A major portion of the build becomes a debugging and documentation exercise. The agent generates a Next.js app skeleton, then the process shifts to fixing errors caused by environment and configuration issues (like directory naming with spaces) and by model/version mismatches. The workflow repeatedly uses web grounding via Perplexity-style research to pull up-to-date documentation, because model knowledge can lag behind current library releases. When the Vercel AI SDK changes (notably moving toward V5), the build breaks in ways that require migration-specific fixes—such as message format differences between front-end “chat” and back-end “model message” expectations.

To accelerate troubleshooting, the creator adds tooling and delegation.
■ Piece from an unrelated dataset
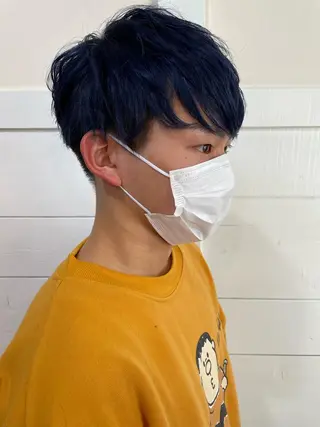 カラー メンズ 足立 悠輔のヘアスタイル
A Playwright MCP server is used so Claude Code can drive the UI like an automated tester—clicking controls, inspecting network requests, and isolating why the AI isn’t responding or why streaming output isn’t rendering. Sub-agents are also introduced for specialized tasks like web research validation, allowing the main agent to delegate multi-source checks while continuing implementation.
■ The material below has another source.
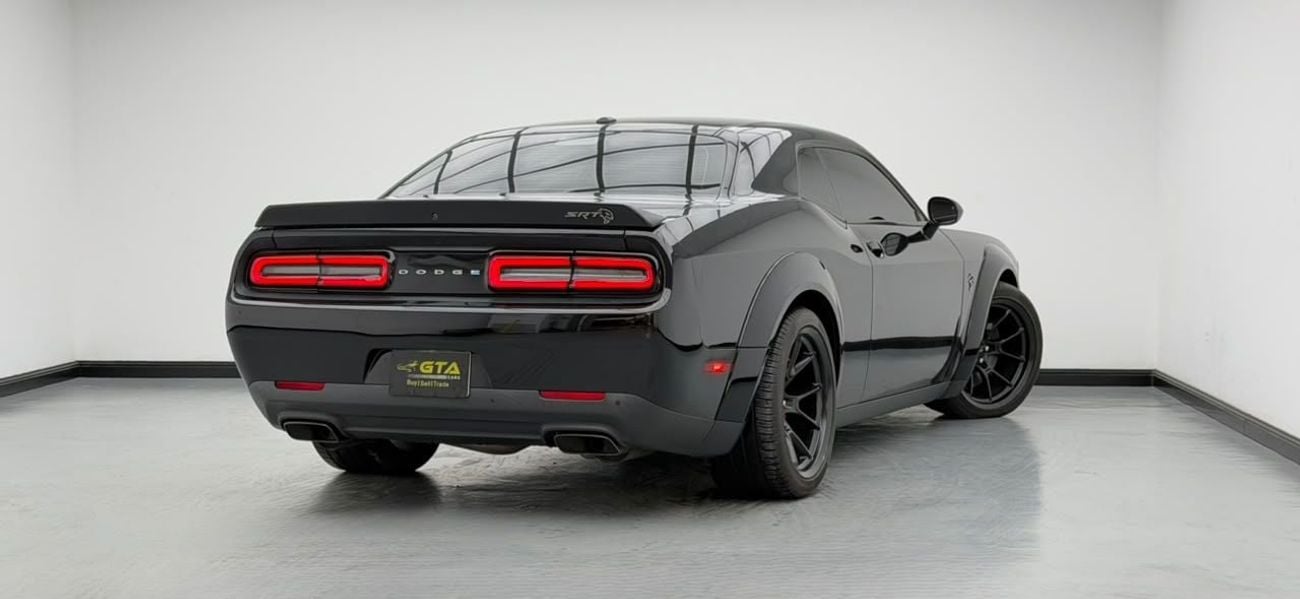 Dodge Challenger SRT HELLCAT REDEYE WIDEBODY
The CRM eventually reaches a functional baseline: the UI contrast issues are corrected, the AI response streaming is fixed, and the system can create contacts in the CRM database. The final result is less a “one-shot build” and more a reusable engineering system: internal documentation files (including V4 vs V5 notes) grow over time, commands and hooks are refined, and the project is pushed to GitHub with safe handling of secrets. The broader message is that the real leverage comes from building an AI-first workflow that improves continuously—through debugging, documentation, and automation—until the agent can reliably ship features faster than traditional solo development.

Cornell Notes

Claude Code can build a full AI-powered CRM when the work is structured like software engineering: a clear project spec, an optimized Claude Code setup (hooks/commands/sub-agents), and disciplined context management. The build succeeds by repeatedly grounding decisions in current documentation using web research, then iterating through targeted debugging rather than one-shot fixes. Version mismatches—especially around the Vercel AI SDK moving toward V5—cause breakages that require migration-specific changes, including front-end vs back-end message format differences. Playwright MCP is used to automate UI testing and isolate why the AI isn’t responding or why streaming output fails to render. Over time, internal markdown docs accumulate so future errors can be resolved faster with less re-research.

What are the four “pillars” for using Claude Code effectively, and how do they show up in the CRM build?

The pillars are: (1) Claude Code setup (hooks, commands, prompts, sub-agents, and settings.json automation), (2) clear project intent (a concise spec of what the CRM should do), (3) developer skill (understanding the stack, debugging errors, and making architecture tradeoffs), and (4) prompting/context engineering knowledge (guiding the model with the right constraints and reasoning effort). In the build, the CRM goal is written into project description.md, Plan mode is used for early architecture decisions, custom hooks enforce “think hard / answer in short,” and debugging relies on reading errors and using Playwright MCP to test UI behavior.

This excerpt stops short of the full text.